Problem statement
The only thing to send back is the number of lines below that hold the string "Panels".

Extracted entries

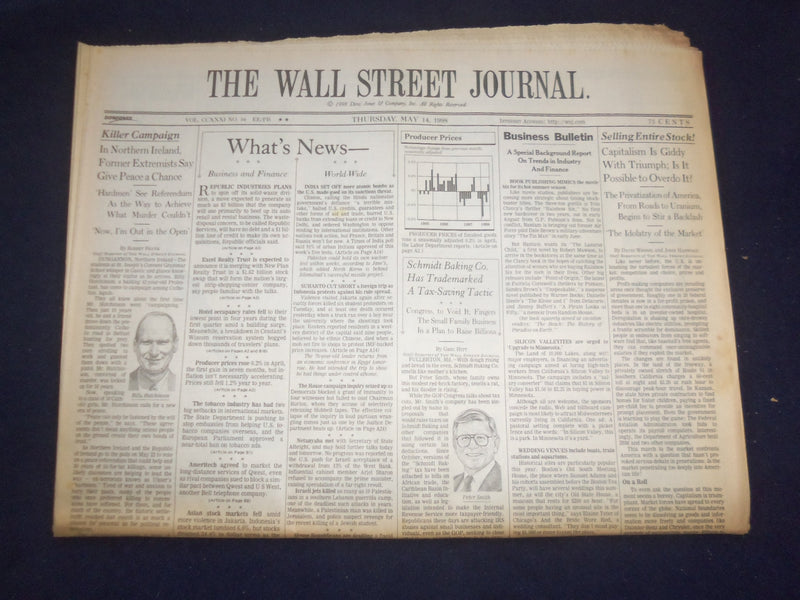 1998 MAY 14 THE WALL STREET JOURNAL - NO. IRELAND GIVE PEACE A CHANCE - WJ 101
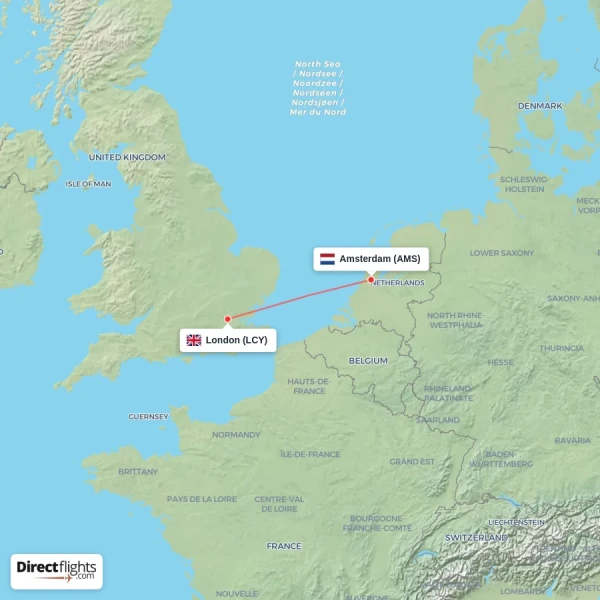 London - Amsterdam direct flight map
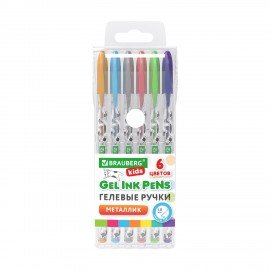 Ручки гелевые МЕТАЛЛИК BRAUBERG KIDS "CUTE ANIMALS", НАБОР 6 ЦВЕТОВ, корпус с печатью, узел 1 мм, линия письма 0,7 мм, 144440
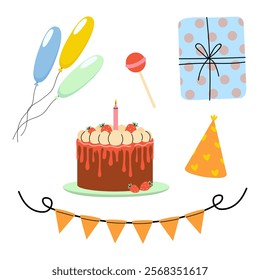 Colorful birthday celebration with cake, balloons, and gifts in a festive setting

...

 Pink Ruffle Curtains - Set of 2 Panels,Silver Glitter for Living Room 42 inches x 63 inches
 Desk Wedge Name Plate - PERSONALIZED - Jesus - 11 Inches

* * *

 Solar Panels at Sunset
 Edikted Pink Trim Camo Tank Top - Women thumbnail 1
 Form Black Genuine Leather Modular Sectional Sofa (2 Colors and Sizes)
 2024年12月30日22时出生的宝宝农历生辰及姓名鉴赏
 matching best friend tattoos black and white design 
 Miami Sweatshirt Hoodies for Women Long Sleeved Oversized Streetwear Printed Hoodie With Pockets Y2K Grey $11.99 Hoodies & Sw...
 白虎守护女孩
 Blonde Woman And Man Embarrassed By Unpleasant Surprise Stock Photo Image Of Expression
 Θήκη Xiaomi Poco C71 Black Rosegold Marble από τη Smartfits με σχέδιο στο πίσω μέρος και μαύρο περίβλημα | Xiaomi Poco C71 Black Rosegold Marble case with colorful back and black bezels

Output below
2